After filming six Poe adaptations in Hollywood, US director Roger Corman headed to the UK in late 1963 to make his penultimate picture in the cycle, The Masque of the Red Death, which was released into cinemas on 24 June 1964.
‘Can you look around this world and believe in the goodness of a god who rules it? Famine, Pestilence, War, Disease and Death! They rule this world’
In 12th-century Italy, the devil-worshipping Prince Prospero (Vincent Price) dedicates himself to cruel pleasures while a deadly plague rages through the land. Burning down a village where a woman has contracted the dreaded Red Death, he kidnaps a Christian girl, Francesca (Jane Asher) intending to corrupt her, and imprisons her father (Nigel Green) and lover (David Weston). To his castle he invites his dissolute court for a masked ball, promising them Satan’s protection from the Red Death. But there’s an uninvited guest dressed in a hooded scarlet robe who reveals himself as one of Death’s messengers…
‘If a god of love and life ever did exist… he is long since dead. Someone… something, rules in his place’
This deep dive into the velvet darkness of the occult is a poetic meditation on physical and moral corruption. The script (by R Wright Campbell, Charles Beaumont and Roger Corman) shows off rare intelligence while also faithfully adapting both Poe’s title story and his cruel comic anecdote Hop-Frog. Corman directs with economic elegance, the camerawork from future auteur Nicolas Roeg drips with colour and imagination, and the production design, sets and costumes have a lavish air. And it’s all capped off with a rousing score from English jazz musician David Lee (who wrote the Peter Sellers/Sophia Loren song Goodness Gracious Me).

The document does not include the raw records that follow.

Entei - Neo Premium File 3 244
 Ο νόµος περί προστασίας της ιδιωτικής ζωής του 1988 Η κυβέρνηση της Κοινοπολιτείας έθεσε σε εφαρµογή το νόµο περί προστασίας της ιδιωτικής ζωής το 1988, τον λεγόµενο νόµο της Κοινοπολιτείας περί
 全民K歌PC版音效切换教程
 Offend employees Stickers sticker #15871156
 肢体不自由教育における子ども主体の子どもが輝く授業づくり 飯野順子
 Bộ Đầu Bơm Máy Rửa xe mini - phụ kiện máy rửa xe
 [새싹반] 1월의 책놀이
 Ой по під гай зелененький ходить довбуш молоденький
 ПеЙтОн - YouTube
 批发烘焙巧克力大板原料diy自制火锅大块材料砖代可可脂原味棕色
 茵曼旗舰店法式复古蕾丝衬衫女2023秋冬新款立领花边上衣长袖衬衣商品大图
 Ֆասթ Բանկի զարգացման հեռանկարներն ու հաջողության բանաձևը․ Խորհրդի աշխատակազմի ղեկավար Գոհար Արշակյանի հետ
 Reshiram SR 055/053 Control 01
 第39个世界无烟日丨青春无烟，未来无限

Giving a nuanced performance, Price plays Prospero as a sincere philosopher whose motivation is more piety than evil intent. And he gets excellent support from Asher as the young innocent who moves his cold heart. There are also winning turns from Hazel Court, as his devilish mistress, Patrick Magee as a lecherous nobleman, and Skip Martin as the vengeful Hop-Toad.